祐ノ介さんは、ミャンマーに特別の思い入れがある。貧しさにあえぎながらもクラシックに渇望している音楽人に触れ、彼らの懇情でミャンマーに本格的なオーケストラをつくり上げようと決意したのだった。
第二次大戦後、ミャンマーの政治経済は混迷を極めた。130にものぼる多民族からなる国で、これを悪用した英国時代の統治が人々に疑心暗鬼を蔓延らせた。軍事政権の下、自由は大きく制限され、教育文化も停滞した。欧米が経済制裁を続けたため、経済はますます窮乏していった。洋楽に親しむ余裕などまったくなかった。打楽器では利き手ばかり使い、チェロは横にして琴のように奏でようとしたという。
2011年、軍出身ながら、テイン・セインが大統領に就任すると民政化を断行して民主派のアウン・サン・スー・チー氏とも和解した。欧米は制裁を緩和し、対外開放、経済改革が進んだ。日本ではミャンマーを『最後のフロンティア』と位置づけ、官民一体となった支援がブームになった。
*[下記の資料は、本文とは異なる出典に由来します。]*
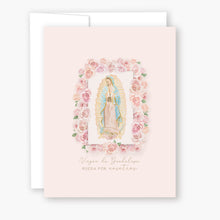 Load image into Gallery viewer, Nuestra Señora de Guadalupe | Tarjeta de Novena | Durazno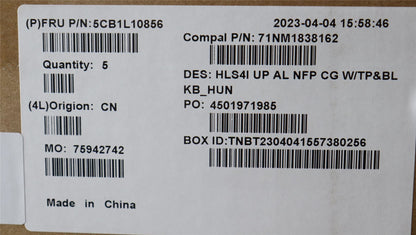 Lenovo IdeaPad 5 14IRL8 5 14ABR8 Palmrest Cover Touchpad Keyboard 5CB1L10856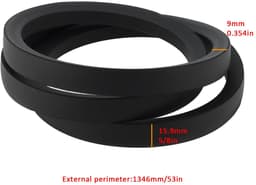 Dailygoods - Grasmaaier V-riem 954-0629 - Compatibel met 450 en 500 — thumbnail 4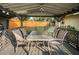 Relaxing gazebo with seating for outdoor enjoyment at 2025 Macarthur Ct, Dunedin, FL 34698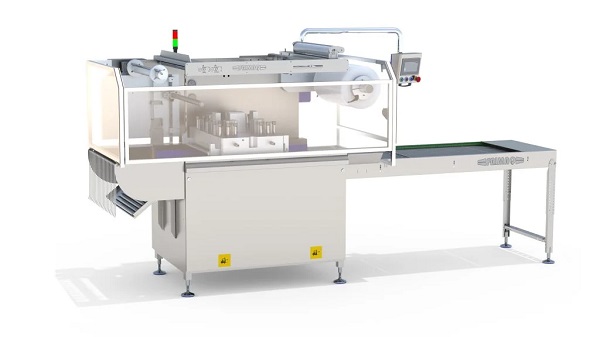 Fóliás lezárásra és vákuum-védőgázos csomagolásra alkalmas FRIMAQ berendezés látható oldalnézetből.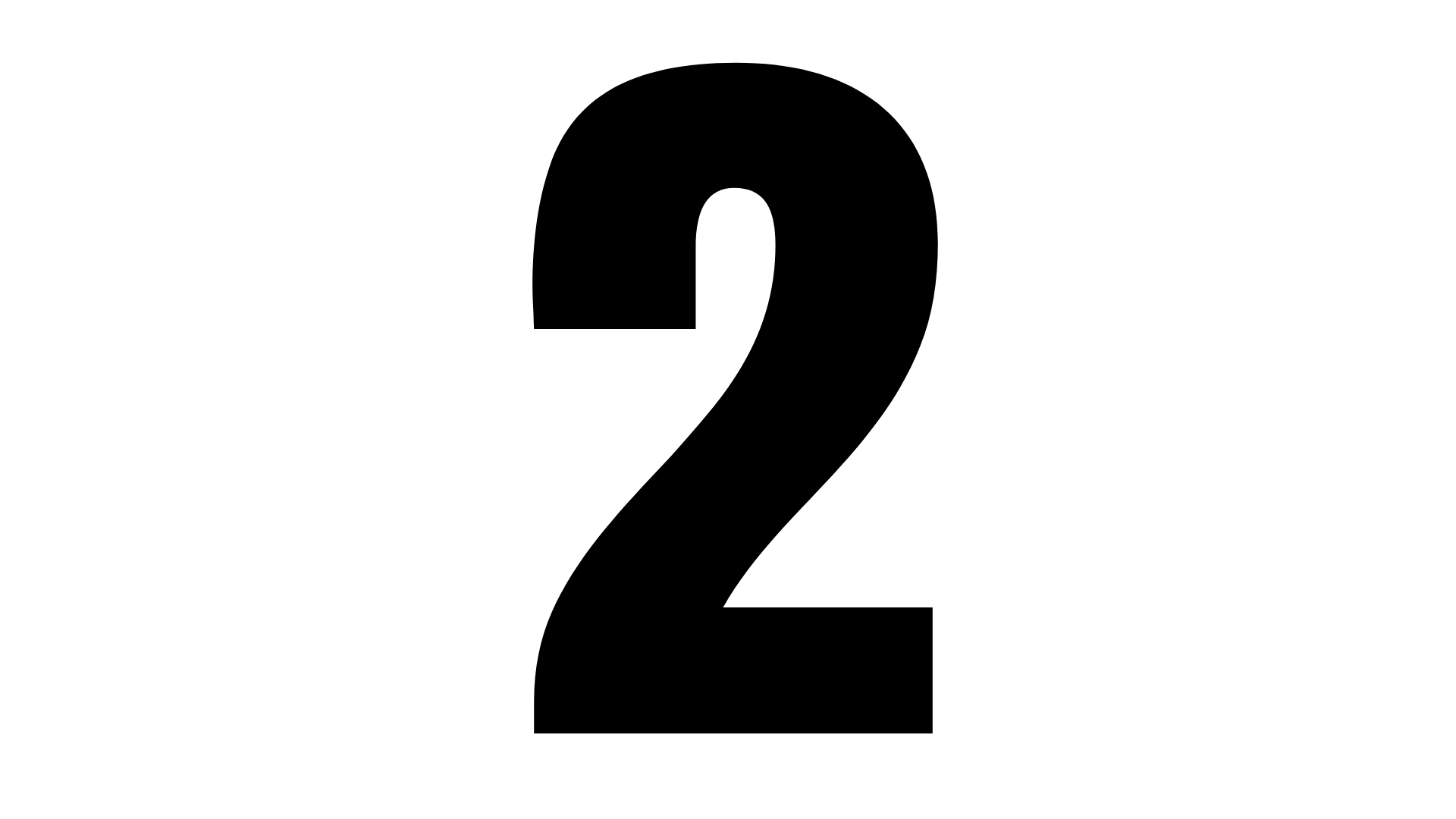 A graphic of the number 2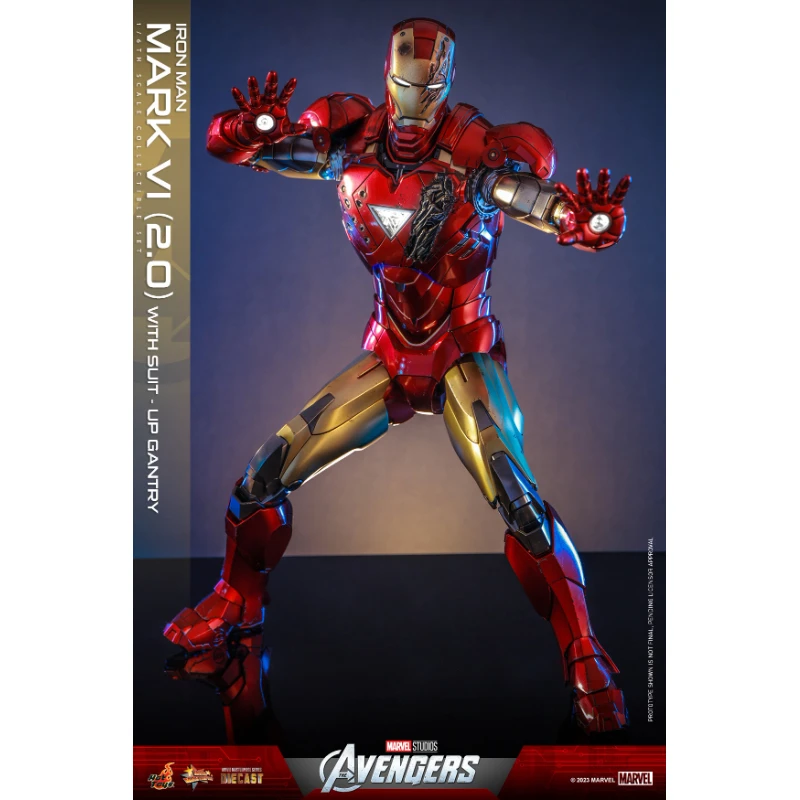 In Stock Hottoys MMS687 MMS688 ACS014 Iron Man MK6 2.0 with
山本さんはこの時期にミャンマーの音楽愛好家と知り合い、ピアニストの妻とふたりで手弁当の指導を始めた。日本の小学生ブラスバンドより技量が劣り、一人一人のレベルアップで精いっぱいの彼らに、オーケストラなど夢のまた夢だった。しかし、ミャンマーの人たちと山本夫妻の熱意が勝った。日本企業からの支援もあり、14年12月には、日・ミャンマー外交関係樹立60周年記念の初コンサートにこぎつけた。祐ノ介さんは翌年、手塩にかけて育てたミャンマー国立交響楽団の音楽監督に就任し、コロナ禍直前まで精力的に演奏会を率いていた。
「もう3年以上、ミャンマーに行けていません。内戦で団員たちとの連絡も途絶えがちで」。普段は笑みを絶やさない祐ノ介さんが視線を落とす。「またもや軍部の強権復活です。人々は以前より、さらに貧しく不自由になっています。そういう環境にこそ音楽が大切じゃないかしら。音楽は平和の特効薬です」。マリさんが祐ノ介さんを代弁する。